Often Partisan

Players without position

With the advent of football management simulators such as the excellent Football Manager series by Sports Interactive, it appears people have become more rigid in the way they see players – instead of a player being a midfielder they’re now an “attacking midfielder” or a “defensive midfielder”; you hear of players being “water carriers” or “playing in the hole”. Formations are more flexible now, and it’s given rise to a perceived problem within the Birmingham City team – the player without a position.

Right now, there are a couple of players within the Blues team that fit this description. For example, Belarusian midfielder Aliaksandr Hleb – he doesn’t seem to score enough to be an attacking midfielder for Blues, yet doesn’t work hard enough to be in the middle of a flat four and putting him out on the wing seems to push him entirely to the periphery. Then there is James McFadden, who doesn’t score enough to be a striker but doesn’t seem to be be pacy enough to be a wide midfielder. In the past there was David Dunn, who whilst being very talented couldn’t seem to fit into the Blues team in a defined position.

Yet I don’t believe this is down to the players. The Blues team of the last few seasons has been one built on a sound work ethic, where every player has a defined role within the team; a job that they have to perform so that the team works as a whole. It calls for a fairly rigid structure, which means players of the ilk of Hleb, who are much more talented than many of the others are denied the freedom to play to the best of their abilities. It’s one reason Blues don’t score many goals; whilst they’re hard working, they don’t have perhaps the flair of other teams and it shows when trying to break down a team that has set up to not concede. The difference between last year’s 9th placed team and this season’s relegation candidates has been our defence – we’ve conceded more sloppy goals this year and it’s cost us points.

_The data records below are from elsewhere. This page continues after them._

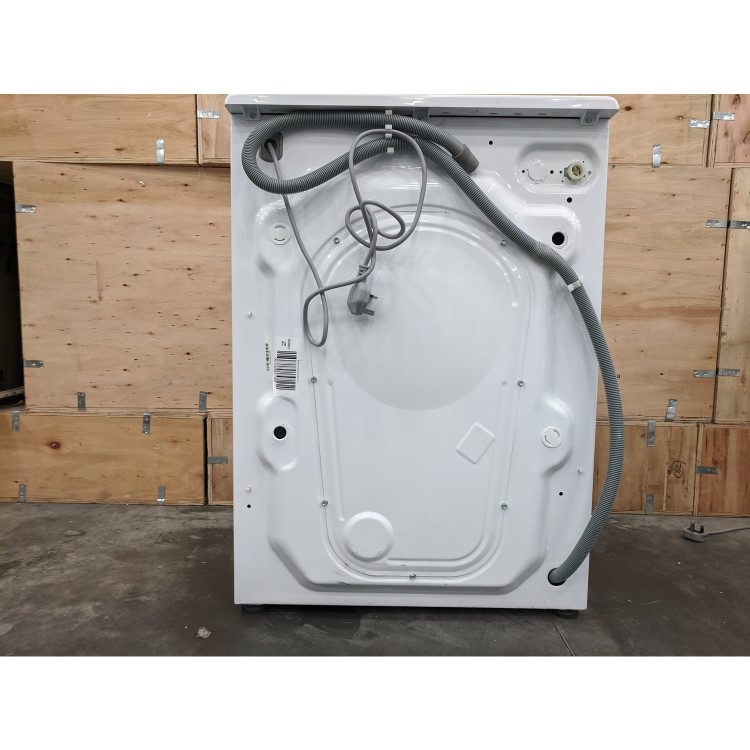 Refurbished Hoover DHL 1482D3 NFC 8 kg 1400rpm Washing Machine - White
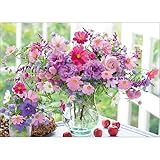 アップルワン(APPLEONE)500ピース ジグソーパズル 陽だまりのソナタ (38ｘ53cm)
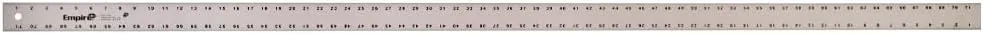 Empire Level 4006 72" Aluminum Straight Edge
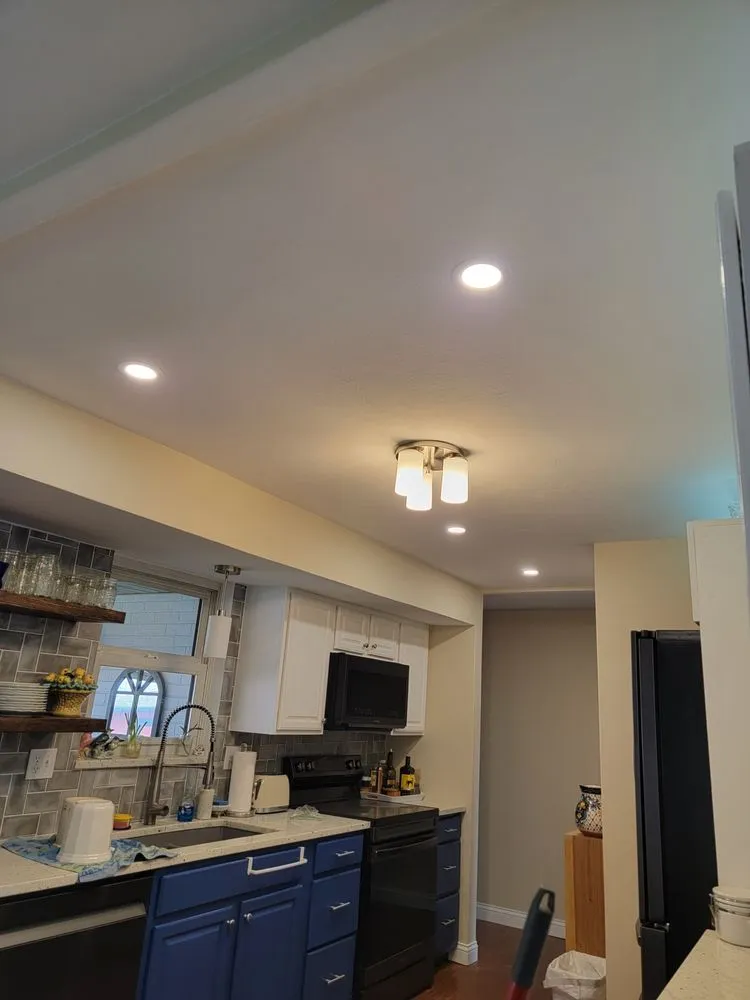 Slide of Lytle Contracting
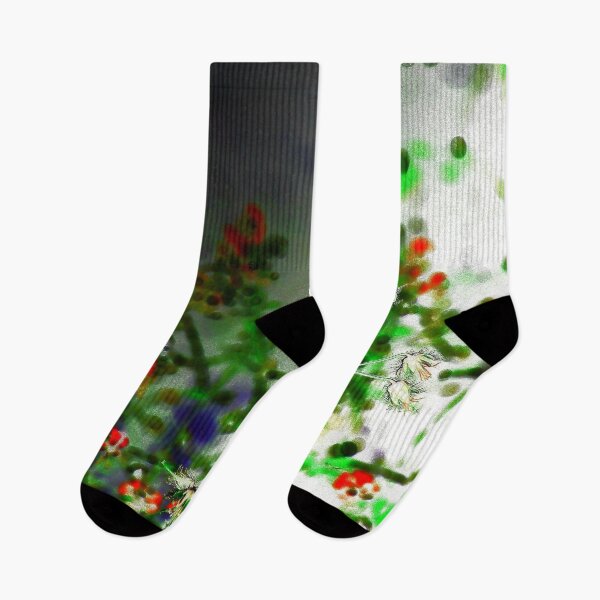 Item preview, Floral pattern designed and sold by cuprum.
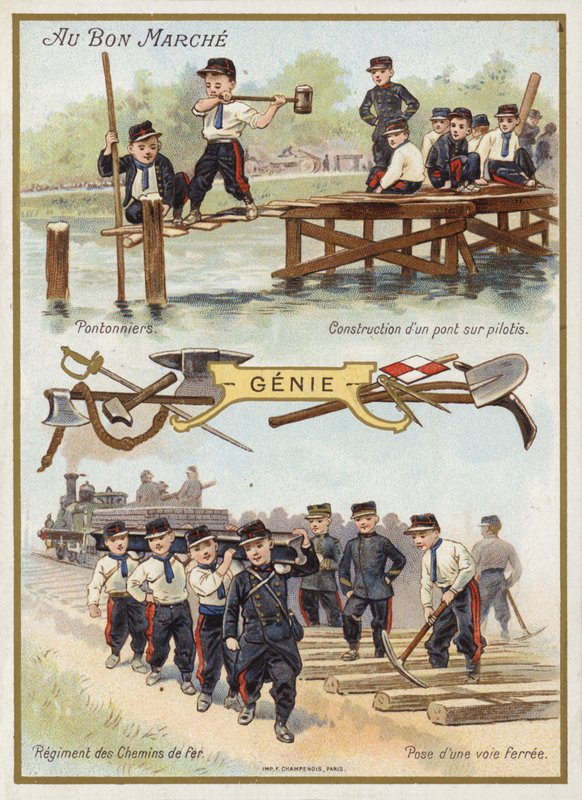 Militærskole af French School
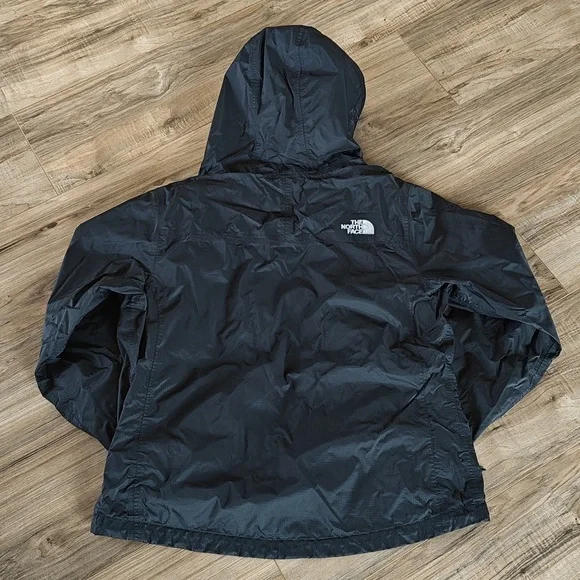 EUC TNF Rain Jacket - Picture 10 of 11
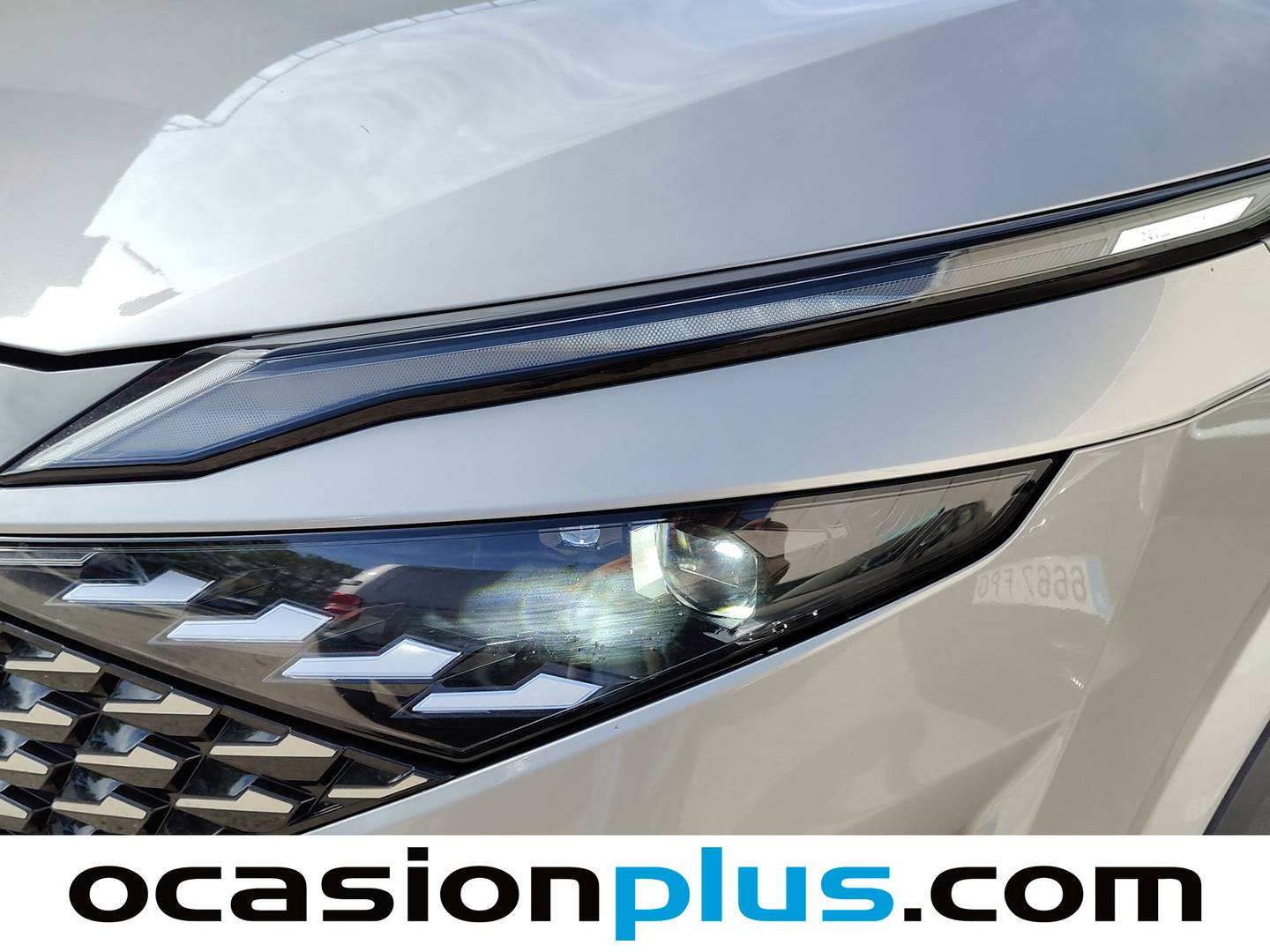 Nissan QASHQAI Nissan Qashqai DIG-T 160 N-Connecta 4x2 CVT (158 CV) 158cv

It’s a knotty problem; Bruce once tried to rip up the team and bring in some quality, and Blues plummeted down the table faster than a lead balloon. Despite trying to go back to basics, the damage was done and Blues went down that year. Despite what people say, staying in the Premier League is vitally important to Blues because of the financial aspect – thus the pressure is on to maintain that position and it turns managers overcautious – “must not lose” becomes a mantra, and so the need for a hard working, grafting team goes on.

People point to teams like Blackpool and say, “Look, they’re entertaining, and they don’t have as much money as us – why can’t we be like them?” The problem is, for all their goalscoring exploits, Blackpool have a single point more than Birmingham City having played a game more, and are three goals worse off than Blues are. In twelve Premiership games this calendar year, Blackpool have won 2 and have gained seven points. In the same time frame, Blues have won three in ten games and have picked up twelve points in total. Twelve from thirty possible points isn’t great, but it’s a lot better than seven in thirty six, and is one reason why many are tipping Blackpool to still go down.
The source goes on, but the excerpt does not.